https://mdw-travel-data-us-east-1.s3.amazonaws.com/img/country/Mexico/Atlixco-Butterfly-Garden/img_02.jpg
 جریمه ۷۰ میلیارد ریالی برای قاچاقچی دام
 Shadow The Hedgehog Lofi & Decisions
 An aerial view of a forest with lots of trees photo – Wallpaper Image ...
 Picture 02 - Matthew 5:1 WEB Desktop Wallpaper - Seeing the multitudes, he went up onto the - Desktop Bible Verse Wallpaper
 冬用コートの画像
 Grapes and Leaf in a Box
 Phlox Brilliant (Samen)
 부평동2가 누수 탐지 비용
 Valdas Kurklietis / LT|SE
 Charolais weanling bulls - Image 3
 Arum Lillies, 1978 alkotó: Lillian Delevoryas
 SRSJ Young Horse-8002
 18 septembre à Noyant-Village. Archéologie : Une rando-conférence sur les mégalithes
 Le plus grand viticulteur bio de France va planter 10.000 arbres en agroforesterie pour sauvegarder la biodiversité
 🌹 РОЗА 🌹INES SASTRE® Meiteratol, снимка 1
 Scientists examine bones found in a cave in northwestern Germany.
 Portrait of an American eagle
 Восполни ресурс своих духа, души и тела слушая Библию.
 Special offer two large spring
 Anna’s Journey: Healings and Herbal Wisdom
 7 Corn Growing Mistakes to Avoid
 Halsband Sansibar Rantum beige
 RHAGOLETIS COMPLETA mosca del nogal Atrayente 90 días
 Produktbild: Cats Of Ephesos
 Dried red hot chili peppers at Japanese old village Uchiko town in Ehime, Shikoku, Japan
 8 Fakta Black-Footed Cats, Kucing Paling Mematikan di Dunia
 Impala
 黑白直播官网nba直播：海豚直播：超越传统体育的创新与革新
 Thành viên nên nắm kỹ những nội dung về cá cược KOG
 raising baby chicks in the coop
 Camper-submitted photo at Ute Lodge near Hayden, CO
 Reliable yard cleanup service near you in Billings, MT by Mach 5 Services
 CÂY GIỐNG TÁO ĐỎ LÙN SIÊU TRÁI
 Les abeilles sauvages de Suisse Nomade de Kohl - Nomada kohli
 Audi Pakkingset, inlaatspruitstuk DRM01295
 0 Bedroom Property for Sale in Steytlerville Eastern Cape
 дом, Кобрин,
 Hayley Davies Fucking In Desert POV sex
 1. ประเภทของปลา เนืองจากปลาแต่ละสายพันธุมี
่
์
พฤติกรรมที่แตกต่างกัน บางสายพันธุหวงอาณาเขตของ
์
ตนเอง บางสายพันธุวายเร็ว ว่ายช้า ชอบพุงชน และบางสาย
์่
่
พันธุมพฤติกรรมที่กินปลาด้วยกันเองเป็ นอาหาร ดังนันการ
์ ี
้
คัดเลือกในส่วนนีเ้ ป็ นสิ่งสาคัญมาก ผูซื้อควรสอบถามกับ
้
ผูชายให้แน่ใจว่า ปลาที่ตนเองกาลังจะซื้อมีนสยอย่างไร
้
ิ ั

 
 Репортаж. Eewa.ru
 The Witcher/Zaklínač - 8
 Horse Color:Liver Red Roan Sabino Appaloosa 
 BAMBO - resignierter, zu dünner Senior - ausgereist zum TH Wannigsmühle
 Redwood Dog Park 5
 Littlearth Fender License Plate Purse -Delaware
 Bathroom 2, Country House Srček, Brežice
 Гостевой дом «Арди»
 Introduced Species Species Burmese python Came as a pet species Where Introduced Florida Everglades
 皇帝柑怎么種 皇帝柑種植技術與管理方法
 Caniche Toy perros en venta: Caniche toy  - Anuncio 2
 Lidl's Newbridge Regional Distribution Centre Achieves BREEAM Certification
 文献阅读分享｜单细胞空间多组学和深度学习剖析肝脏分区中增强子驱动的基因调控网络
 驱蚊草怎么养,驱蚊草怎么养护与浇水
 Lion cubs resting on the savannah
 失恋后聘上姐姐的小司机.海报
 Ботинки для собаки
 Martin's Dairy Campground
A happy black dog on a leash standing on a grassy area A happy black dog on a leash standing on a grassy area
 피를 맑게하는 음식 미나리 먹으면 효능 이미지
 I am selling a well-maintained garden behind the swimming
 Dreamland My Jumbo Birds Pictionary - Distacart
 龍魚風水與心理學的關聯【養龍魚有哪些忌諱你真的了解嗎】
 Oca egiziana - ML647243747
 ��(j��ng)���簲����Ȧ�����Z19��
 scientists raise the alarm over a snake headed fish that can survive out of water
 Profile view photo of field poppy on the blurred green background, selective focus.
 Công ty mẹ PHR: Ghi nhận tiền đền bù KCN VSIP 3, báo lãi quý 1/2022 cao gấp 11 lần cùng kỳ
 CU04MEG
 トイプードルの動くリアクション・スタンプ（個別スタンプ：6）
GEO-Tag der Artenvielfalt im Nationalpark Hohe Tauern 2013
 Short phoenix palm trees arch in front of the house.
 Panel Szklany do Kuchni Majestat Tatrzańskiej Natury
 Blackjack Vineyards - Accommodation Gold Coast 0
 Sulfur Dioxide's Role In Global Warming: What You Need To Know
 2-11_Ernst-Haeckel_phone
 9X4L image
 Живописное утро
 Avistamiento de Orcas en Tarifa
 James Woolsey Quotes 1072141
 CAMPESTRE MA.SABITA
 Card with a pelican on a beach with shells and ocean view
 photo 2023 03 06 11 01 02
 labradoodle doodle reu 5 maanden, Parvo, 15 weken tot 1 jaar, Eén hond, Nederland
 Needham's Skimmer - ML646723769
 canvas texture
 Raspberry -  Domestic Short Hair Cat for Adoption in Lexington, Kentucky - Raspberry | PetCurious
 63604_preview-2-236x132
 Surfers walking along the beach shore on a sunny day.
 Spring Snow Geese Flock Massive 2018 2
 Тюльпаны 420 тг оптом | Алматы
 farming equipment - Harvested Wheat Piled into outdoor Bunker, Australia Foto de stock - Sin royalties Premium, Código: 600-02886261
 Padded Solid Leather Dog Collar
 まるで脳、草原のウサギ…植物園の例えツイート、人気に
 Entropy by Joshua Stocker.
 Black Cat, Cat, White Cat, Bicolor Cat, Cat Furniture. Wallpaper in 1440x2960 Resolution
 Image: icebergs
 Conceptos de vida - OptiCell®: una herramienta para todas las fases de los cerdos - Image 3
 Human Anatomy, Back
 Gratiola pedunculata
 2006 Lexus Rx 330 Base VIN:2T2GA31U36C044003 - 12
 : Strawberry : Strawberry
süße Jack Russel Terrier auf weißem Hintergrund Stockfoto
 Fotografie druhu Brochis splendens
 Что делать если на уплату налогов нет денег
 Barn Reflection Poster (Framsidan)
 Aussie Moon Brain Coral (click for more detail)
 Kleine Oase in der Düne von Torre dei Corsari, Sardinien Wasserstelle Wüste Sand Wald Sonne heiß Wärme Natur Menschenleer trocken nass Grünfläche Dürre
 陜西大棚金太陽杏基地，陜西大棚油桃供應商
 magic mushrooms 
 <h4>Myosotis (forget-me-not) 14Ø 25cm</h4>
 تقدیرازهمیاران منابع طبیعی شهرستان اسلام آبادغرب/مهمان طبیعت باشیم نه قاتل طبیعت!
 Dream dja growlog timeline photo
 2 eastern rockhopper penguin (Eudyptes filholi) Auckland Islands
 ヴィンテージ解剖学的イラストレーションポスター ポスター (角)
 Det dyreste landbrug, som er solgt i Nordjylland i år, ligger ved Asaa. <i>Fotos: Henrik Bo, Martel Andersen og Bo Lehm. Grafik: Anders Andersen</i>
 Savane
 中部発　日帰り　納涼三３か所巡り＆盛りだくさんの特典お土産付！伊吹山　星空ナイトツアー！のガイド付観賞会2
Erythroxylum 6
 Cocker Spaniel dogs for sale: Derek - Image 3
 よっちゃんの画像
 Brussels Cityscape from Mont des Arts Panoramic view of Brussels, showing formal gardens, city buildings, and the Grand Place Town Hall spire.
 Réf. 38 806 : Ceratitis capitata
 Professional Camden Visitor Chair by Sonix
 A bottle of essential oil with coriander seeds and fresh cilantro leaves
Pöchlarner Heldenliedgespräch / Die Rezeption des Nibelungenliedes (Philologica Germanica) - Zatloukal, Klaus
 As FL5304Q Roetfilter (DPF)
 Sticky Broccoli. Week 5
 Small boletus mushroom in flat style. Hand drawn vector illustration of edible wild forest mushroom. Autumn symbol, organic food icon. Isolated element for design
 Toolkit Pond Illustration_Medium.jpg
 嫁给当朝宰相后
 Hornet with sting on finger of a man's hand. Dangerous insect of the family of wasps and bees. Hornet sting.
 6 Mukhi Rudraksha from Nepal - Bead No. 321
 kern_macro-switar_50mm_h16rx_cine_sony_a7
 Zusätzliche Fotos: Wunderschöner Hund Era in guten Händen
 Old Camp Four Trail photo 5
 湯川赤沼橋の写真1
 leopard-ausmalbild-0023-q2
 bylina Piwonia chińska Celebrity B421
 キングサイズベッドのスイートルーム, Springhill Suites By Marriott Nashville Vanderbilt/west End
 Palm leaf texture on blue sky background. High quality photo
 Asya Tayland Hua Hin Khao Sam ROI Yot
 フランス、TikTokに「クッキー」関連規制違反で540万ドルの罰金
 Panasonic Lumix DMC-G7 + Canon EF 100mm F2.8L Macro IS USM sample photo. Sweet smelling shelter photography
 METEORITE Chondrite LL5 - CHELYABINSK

.....

ASSIGNMENT – Only the lines from the beginning of the material to the line containing "Valdas Kurklietis / LT|SE" should be echoed, verbatim and in full.

WRITTEN ANSWER –
https://mdw-travel-data-us-east-1.s3.amazonaws.com/img/country/Mexico/Atlixco-Butterfly-Garden/img_02.jpg
 جریمه ۷۰ میلیارد ریالی برای قاچاقچی دام
 Shadow The Hedgehog Lofi & Decisions
 An aerial view of a forest with lots of trees photo – Wallpaper Image ...
 Picture 02 - Matthew 5:1 WEB Desktop Wallpaper - Seeing the multitudes, he went up onto the - Desktop Bible Verse Wallpaper
 冬用コートの画像
 Grapes and Leaf in a Box
 Phlox Brilliant (Samen)
 부평동2가 누수 탐지 비용
 Valdas Kurklietis / LT|SE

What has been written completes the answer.